[Stored items]

——

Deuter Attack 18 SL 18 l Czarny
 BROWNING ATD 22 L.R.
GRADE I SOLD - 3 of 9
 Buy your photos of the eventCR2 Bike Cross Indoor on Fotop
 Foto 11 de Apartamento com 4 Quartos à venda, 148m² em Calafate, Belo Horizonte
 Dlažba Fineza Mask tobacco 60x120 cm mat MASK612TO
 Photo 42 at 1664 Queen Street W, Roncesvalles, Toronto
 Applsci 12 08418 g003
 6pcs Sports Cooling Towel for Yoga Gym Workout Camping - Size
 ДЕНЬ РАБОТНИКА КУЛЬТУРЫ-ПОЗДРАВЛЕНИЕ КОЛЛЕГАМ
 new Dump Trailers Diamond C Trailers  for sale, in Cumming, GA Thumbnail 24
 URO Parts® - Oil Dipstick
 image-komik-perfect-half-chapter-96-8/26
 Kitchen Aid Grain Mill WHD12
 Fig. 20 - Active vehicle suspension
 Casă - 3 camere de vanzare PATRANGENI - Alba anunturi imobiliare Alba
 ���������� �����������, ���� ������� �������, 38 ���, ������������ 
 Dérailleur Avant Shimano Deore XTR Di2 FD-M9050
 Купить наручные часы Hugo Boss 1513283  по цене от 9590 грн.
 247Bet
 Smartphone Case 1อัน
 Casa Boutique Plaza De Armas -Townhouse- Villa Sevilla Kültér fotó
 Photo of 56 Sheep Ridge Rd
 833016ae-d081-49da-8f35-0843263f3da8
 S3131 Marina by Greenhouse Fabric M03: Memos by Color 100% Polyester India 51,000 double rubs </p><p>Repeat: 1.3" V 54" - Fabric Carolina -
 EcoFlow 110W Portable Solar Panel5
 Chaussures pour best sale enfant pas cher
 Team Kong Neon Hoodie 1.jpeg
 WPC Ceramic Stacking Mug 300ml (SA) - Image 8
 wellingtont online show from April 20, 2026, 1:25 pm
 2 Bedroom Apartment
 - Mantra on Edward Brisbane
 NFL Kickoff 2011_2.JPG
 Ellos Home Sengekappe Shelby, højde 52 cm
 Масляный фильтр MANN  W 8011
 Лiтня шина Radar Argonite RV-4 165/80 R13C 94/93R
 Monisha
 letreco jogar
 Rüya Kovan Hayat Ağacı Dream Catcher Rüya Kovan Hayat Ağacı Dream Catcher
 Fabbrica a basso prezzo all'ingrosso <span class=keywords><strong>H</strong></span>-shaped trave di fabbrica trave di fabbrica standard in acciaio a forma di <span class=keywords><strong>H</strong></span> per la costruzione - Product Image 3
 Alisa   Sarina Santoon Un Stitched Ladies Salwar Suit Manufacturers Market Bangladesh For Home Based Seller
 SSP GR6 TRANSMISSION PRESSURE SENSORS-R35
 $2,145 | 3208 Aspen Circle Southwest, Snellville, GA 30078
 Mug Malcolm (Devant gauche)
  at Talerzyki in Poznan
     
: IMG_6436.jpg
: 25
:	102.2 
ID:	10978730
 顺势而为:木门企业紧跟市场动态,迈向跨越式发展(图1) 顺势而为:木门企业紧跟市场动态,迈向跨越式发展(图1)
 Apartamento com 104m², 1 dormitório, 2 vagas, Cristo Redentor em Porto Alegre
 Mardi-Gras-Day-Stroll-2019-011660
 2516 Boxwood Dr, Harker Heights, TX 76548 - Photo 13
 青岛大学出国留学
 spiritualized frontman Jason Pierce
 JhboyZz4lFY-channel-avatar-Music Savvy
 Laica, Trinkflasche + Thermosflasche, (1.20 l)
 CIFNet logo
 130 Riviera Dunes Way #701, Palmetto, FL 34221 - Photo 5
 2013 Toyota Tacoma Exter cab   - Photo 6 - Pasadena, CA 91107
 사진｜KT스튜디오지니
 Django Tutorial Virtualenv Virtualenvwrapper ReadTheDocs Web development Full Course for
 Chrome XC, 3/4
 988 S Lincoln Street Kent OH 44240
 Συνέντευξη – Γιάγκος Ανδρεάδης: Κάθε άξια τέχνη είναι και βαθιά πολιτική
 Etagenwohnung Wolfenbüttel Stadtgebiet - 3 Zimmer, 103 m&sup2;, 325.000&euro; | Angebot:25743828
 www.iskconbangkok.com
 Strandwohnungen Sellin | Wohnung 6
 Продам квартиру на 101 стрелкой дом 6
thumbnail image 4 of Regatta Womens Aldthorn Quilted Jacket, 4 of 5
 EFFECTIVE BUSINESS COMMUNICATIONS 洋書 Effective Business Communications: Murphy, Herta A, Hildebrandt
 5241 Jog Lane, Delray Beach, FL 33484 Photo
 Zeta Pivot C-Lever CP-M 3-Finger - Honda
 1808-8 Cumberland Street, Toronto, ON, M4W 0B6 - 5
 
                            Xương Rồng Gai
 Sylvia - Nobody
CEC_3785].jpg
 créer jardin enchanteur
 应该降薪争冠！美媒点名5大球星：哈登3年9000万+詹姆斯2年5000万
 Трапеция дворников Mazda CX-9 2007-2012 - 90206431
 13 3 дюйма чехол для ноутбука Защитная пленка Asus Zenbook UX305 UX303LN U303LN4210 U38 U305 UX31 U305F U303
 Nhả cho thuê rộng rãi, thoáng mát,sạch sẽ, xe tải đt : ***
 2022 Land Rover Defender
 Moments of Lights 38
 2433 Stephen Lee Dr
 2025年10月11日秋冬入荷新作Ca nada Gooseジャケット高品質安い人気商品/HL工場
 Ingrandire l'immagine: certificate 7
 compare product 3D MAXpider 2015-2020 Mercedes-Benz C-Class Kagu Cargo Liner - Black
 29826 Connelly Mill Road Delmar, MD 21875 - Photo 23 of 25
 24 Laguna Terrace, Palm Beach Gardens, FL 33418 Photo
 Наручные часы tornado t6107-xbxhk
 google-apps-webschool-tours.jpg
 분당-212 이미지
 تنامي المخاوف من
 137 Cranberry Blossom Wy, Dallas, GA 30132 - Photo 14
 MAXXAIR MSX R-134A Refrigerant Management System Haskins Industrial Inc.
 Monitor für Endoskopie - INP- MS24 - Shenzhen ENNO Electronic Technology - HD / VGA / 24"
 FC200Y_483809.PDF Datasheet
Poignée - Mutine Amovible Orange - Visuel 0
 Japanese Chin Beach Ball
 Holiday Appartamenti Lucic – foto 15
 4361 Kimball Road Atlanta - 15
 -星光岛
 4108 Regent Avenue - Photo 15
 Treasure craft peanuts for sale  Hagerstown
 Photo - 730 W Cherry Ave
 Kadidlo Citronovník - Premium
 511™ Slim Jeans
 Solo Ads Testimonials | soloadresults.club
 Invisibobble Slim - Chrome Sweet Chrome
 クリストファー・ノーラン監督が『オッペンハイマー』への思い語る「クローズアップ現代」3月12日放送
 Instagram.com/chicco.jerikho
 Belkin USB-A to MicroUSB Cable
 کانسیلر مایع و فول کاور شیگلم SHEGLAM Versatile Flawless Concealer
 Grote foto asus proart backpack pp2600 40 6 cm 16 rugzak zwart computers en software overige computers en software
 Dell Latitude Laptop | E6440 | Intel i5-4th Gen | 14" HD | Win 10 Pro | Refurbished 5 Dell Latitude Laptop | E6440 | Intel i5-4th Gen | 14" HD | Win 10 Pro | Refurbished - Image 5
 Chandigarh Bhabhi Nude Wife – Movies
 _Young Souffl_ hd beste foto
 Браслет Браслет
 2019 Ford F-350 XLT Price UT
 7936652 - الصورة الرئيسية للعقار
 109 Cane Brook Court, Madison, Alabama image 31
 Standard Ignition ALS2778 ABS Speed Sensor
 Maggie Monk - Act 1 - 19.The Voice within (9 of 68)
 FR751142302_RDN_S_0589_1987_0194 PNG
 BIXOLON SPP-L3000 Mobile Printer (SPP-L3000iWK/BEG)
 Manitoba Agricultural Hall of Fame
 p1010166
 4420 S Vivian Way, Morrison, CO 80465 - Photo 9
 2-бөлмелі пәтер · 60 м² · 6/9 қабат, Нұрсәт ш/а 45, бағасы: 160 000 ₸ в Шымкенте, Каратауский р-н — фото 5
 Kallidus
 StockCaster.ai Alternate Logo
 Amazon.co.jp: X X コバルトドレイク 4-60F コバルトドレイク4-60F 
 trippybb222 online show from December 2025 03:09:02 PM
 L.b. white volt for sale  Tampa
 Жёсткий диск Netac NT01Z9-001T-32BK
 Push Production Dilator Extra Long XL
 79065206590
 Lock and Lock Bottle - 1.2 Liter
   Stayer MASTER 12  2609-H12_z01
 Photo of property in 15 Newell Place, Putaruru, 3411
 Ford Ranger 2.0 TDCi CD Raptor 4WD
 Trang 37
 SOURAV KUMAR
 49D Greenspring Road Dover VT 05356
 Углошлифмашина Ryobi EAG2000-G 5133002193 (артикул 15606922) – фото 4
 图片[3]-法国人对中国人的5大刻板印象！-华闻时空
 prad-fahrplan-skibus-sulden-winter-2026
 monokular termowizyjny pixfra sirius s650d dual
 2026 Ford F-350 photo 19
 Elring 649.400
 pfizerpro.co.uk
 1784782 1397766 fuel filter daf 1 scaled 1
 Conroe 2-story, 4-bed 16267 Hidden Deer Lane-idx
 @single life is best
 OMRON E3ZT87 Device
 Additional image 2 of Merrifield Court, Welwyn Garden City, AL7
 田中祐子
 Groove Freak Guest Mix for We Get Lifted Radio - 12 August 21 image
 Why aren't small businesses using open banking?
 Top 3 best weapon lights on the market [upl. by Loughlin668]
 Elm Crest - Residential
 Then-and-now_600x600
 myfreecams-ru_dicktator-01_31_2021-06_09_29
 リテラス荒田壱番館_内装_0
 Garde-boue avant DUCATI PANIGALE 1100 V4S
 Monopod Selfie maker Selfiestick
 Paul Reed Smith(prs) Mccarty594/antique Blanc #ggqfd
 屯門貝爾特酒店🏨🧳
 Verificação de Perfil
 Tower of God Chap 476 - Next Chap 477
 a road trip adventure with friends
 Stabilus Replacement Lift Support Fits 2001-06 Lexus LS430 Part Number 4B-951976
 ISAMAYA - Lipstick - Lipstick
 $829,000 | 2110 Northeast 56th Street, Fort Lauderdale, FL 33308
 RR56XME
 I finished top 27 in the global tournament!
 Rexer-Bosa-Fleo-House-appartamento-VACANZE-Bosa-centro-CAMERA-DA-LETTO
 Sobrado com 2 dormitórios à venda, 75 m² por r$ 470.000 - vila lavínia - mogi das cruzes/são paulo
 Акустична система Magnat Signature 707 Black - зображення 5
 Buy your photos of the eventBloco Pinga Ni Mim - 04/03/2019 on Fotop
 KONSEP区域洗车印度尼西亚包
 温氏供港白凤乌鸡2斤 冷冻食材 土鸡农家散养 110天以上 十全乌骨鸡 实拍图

——

— Description of the task —
In the records above, find each line with the word "Black" and copy it out.

— Exercise output —
 compare product 3D MAXpider 2015-2020 Mercedes-Benz C-Class Kagu Cargo Liner - Black
 Акустична система Magnat Signature 707 Black - зображення 5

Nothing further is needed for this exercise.